[WHAT TO DO]: Repeat word for word every line from the one holding "Christian Agu" to the end of the material below.

[RECORDS TO PROCESS]:
######

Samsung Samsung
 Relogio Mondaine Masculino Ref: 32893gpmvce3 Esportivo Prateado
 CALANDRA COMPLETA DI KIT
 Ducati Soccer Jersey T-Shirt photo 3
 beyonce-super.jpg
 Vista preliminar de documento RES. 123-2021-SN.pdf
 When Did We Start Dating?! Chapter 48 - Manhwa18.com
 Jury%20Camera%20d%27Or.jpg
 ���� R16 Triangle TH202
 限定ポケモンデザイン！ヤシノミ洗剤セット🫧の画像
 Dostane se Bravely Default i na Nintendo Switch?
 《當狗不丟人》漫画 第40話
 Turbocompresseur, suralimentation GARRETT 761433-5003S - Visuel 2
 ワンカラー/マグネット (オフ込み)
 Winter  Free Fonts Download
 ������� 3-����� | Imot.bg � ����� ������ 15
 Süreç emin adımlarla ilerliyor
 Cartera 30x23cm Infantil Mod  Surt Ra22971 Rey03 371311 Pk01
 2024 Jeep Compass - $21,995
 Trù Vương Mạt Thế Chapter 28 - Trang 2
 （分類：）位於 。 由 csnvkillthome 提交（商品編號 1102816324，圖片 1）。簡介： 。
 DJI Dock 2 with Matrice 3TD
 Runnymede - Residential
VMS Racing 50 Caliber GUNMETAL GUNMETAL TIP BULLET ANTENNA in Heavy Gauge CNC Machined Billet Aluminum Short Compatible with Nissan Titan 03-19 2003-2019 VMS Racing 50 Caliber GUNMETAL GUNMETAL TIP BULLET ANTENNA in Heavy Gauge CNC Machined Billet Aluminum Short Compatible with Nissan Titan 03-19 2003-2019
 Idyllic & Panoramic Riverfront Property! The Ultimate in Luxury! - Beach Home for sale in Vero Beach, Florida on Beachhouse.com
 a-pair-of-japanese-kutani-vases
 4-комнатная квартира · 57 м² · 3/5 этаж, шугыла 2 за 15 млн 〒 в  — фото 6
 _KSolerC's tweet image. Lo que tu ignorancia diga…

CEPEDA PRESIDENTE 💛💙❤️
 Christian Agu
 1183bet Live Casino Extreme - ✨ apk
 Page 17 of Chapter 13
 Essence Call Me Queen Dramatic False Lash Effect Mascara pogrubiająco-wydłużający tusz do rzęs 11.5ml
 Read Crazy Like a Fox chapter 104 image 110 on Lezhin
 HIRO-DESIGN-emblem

######

[ANSWER AREA]:
 Christian Agu
 1183bet Live Casino Extreme - ✨ apk
 Page 17 of Chapter 13
 Essence Call Me Queen Dramatic False Lash Effect Mascara pogrubiająco-wydłużający tusz do rzęs 11.5ml
 Read Crazy Like a Fox chapter 104 image 110 on Lezhin
 HIRO-DESIGN-emblem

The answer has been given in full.